Stored items from a collection:
Content starts
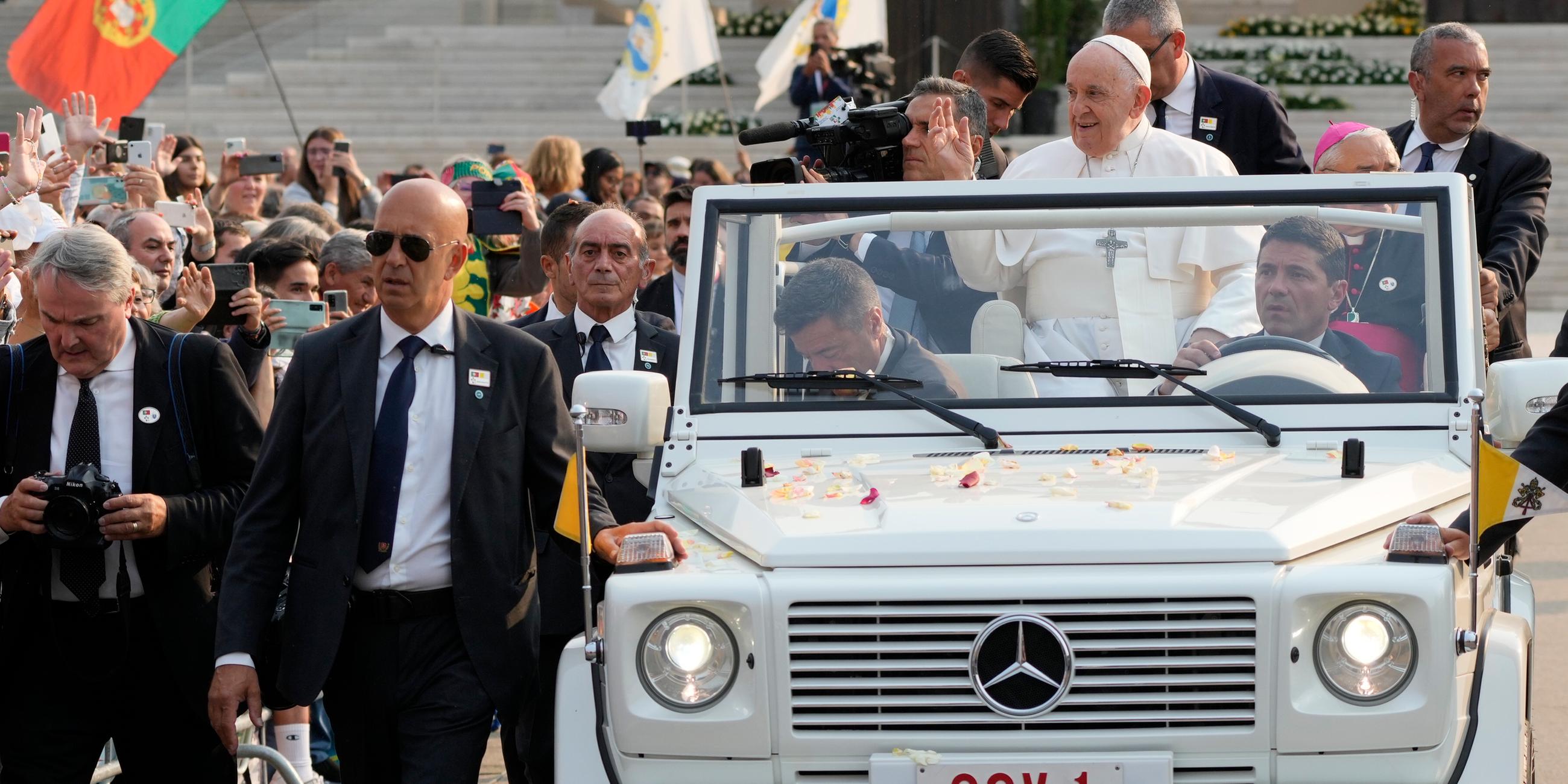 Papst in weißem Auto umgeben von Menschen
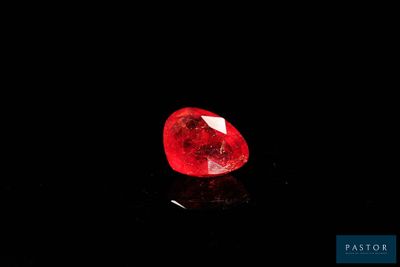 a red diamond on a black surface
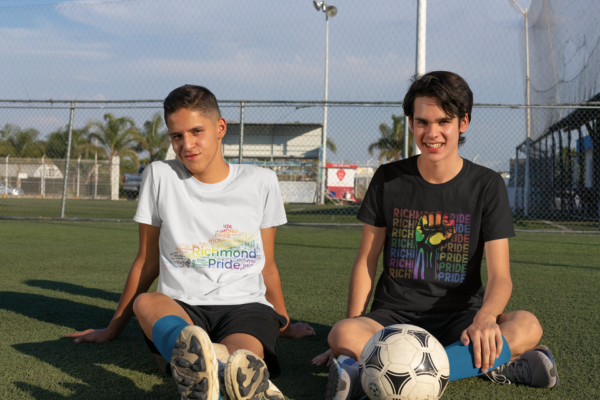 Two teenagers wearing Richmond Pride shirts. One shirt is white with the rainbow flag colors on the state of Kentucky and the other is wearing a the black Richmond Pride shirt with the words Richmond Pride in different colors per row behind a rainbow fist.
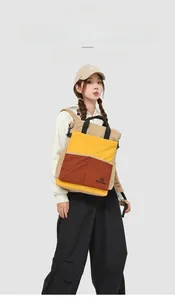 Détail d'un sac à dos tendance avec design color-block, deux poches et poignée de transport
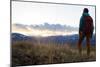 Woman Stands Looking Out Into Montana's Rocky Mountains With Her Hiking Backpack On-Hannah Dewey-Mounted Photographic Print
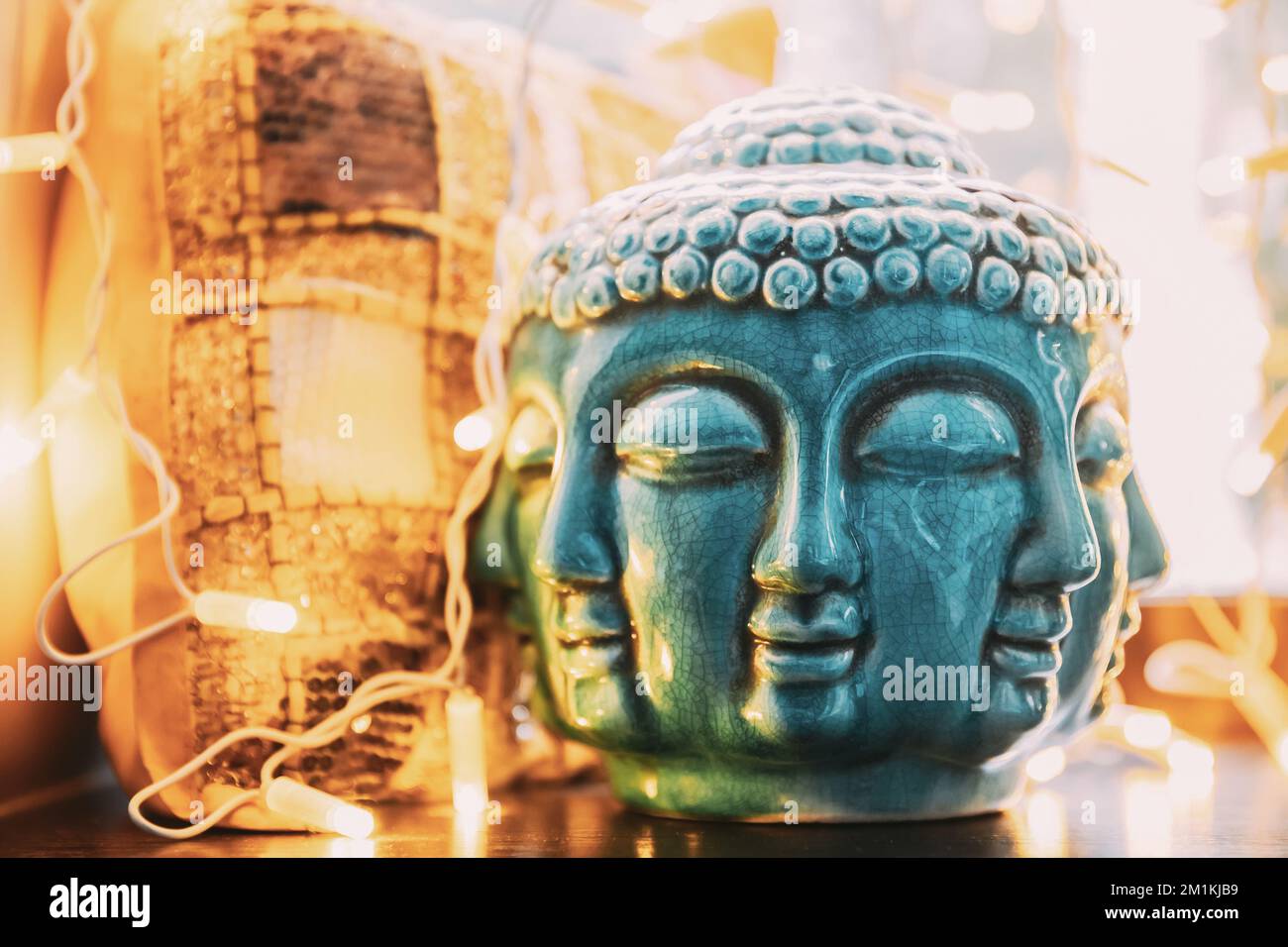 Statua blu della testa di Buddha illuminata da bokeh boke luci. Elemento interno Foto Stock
Content ends
Content starts
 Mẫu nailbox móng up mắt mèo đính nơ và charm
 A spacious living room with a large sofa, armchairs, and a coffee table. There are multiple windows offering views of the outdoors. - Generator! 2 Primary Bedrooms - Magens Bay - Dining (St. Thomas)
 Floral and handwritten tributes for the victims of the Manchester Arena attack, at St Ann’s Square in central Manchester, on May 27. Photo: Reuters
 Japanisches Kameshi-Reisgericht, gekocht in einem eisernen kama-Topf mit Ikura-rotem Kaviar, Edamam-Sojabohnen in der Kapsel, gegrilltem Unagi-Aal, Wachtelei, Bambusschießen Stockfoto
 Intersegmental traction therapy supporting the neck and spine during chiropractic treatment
Content ends
_Exercise objective_.
Your reply should hold nothing but the lines above, from the one containing "a red diamond on a black surface" to the one containing "Statua blu della", reproduced exactly minus the pictures.

_Your solution_.
 a red diamond on a black surface
 Two teenagers wearing Richmond Pride shirts. One shirt is white with the rainbow flag colors on the state of Kentucky and the other is wearing a the black Richmond Pride shirt with the words Richmond Pride in different colors per row behind a rainbow fist.
 Détail d'un sac à dos tendance avec design color-block, deux poches et poignée de transport
 Woman Stands Looking Out Into Montana's Rocky Mountains With Her Hiking Backpack On-Hannah Dewey-Mounted Photographic Print
 Statua blu della testa di Buddha illuminata da bokeh boke luci. Elemento interno Foto Stock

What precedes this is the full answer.